Quantum Mechanics and Experience

One of the classes I'll be taking this semester is 24.111 - Philosophy of Quantum Mechanics. Today I just bought the required text, Quantum Mechanics and Experience by David Z. Albert. The book looks pretty good, with a solid layman introduction to the foundational principles of quantum mechanics.

My dance with Quantum Mechanics (QM) has been a really interesting one. Prior to my coursework this past year at Cambridge, I objected to the conclusions of quantum mechanics advertised in popular science books because it ran against my mental model of the universe. My struggles with the conceptual foundations of QM were very much in the same vein as Einstein's critique of the theory. The idea that probability has a real existent status deeply troubled me. Always before, probability was a description of averages and distributions. A coin toss -- the idol of probability -- was still fundamentally governed by Newton's Laws, the forces in the room, the initial configuration of the coin in your hand, the torque, the impulse of your thumb on the coin, the chaotic turbulence of the air molecules in the room, the list goes on but all the initial configurations and momenta could theoretically be specified and then the entire motion could be simulated as the solution of a large system of nonlinear ordinary differential equations (ODEs) -- Laplace's Demon all over again. But QM is a whole different bag of nuts... Instead of solving specifically for things like position and momentum and energy, you have state vectors, and your eigenfunctions of these operators form the basis of an infinite-dimensional space known as Hilbert space. What's new about all of this is that our description of a particle is described by the time evolution of the coefficients of each of these eigenfunctions. Now we can't perceive this superposition, but rather -- and this is the really crazy bit of the whole theory -- only the eigenfunctions can be measured. So our particle is like a point wandering around in infinite dimensional Hilbert space when no one is looking. It's like Mr.
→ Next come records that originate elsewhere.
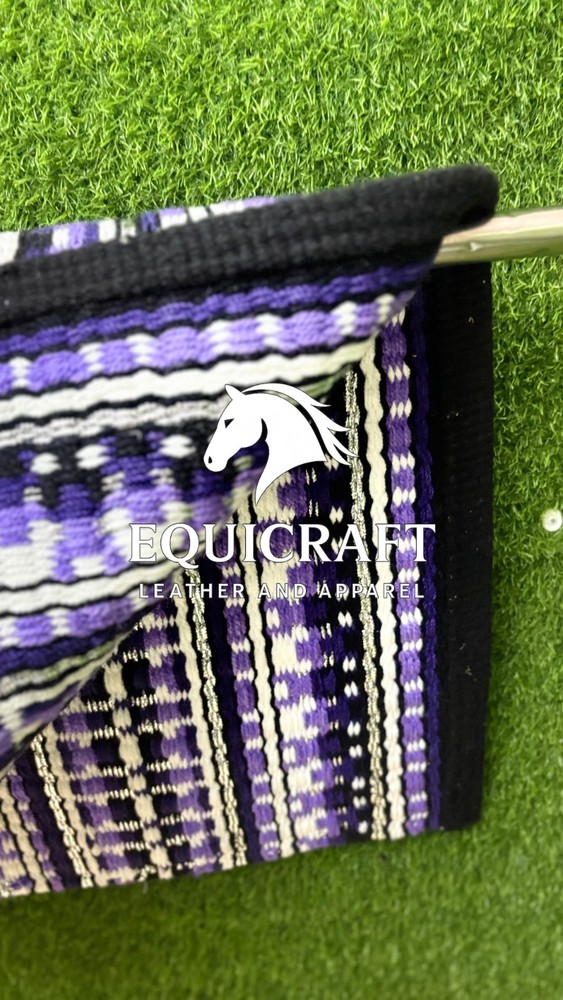 Western Show Saddle Blanket | Handwoven 100% NZ Wool Pad All Sizes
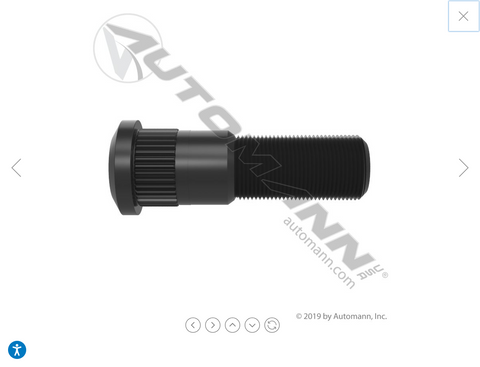 201.6191L-Metric Serrated Stud LH - Nick's Truck Parts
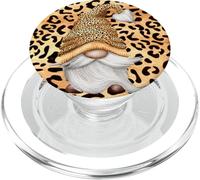 Cute Leopard Print Pattern For Scandinavian Gnome Summer PopSockets PopGrip per MagSafe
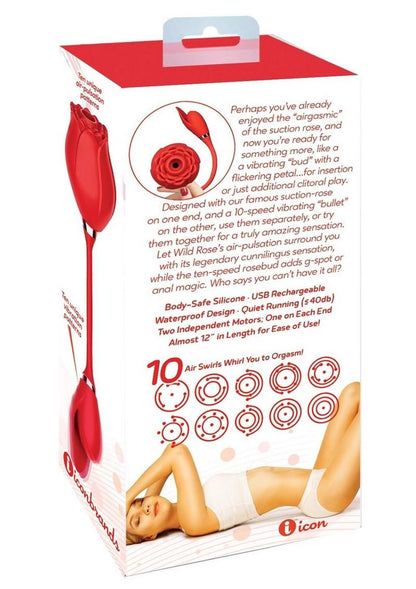 Wild Rose &amp; Bullet Suction Clitoral Stimulator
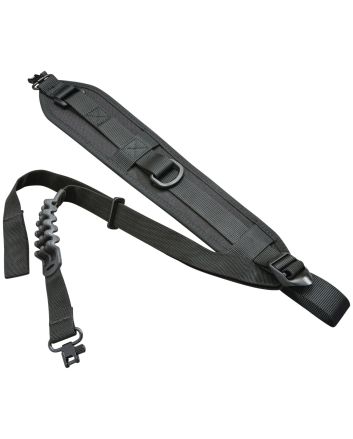 Butler Creek 80095 Quick Carry Rifle/Shotgun Sling Black Neoprene 27"- 36" OAL 1.25" Wide Adjustable Padded Design &amp; QD Swivels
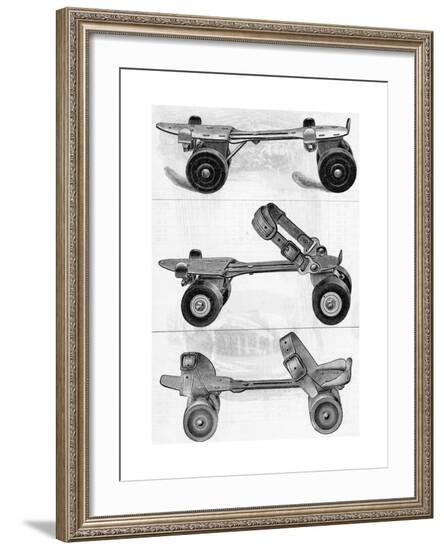 Three Different Kinds of Roller Skates--Framed Giclee Print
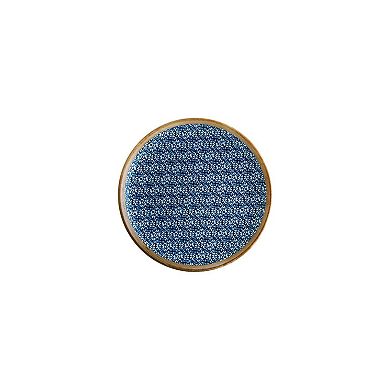 Calif dia.8.25" Round Decorated Porcelain Plate (Set of 4)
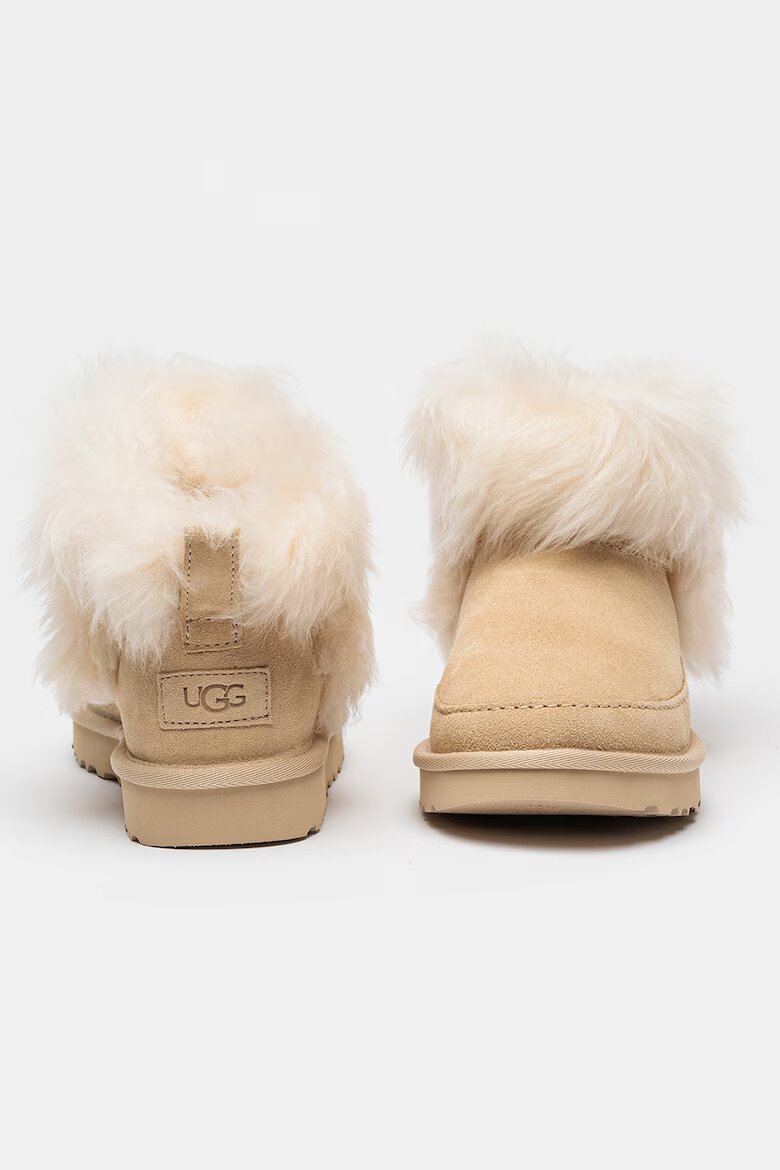 UGG Боти Classic Ultra Mini Chalet Mini Тъмнобежово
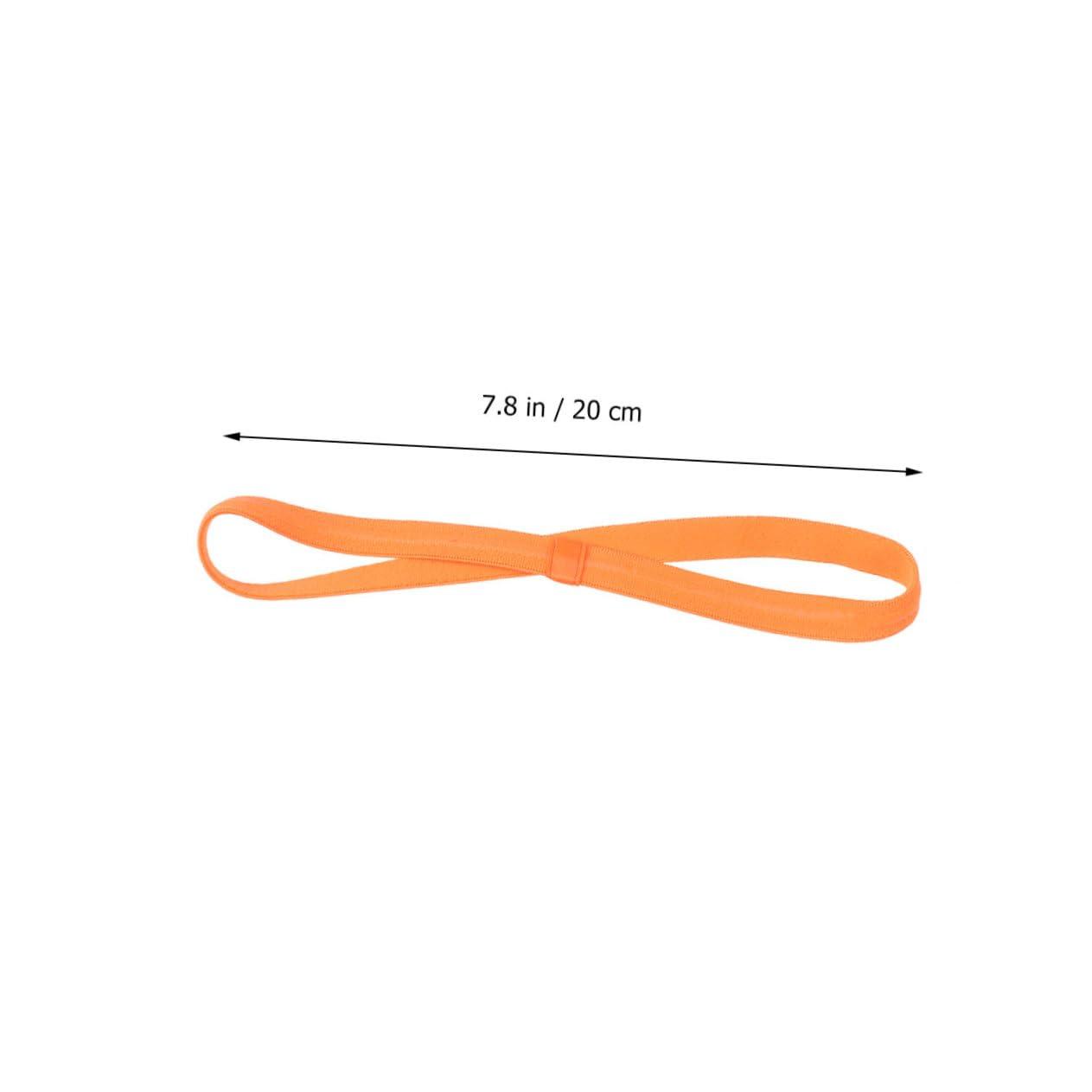 WHAMVOX WHAMVOX 9pcs Non- Running Headband Stretchy Yoga Hair Accessories for Men and Women and Comfortable Football Headbands Orange for Sports Activities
Observer finally shines his flashlight in the car window and asks "Hey!?! What are you kids doing?!?" and our couple is always caught in any one of these (usually an infinite number of) compromising positions, but they're never caught scrambling to put clothes on or in a acrobatic transition or superposition of pages of the Kama Quantum Sutra.

So it will be interesting to see what insights 24.111 will bring, and complemented with 18.102 - Introduction to Functional Analysis, this should be a tantalizing semester spent exploring Hilbert space!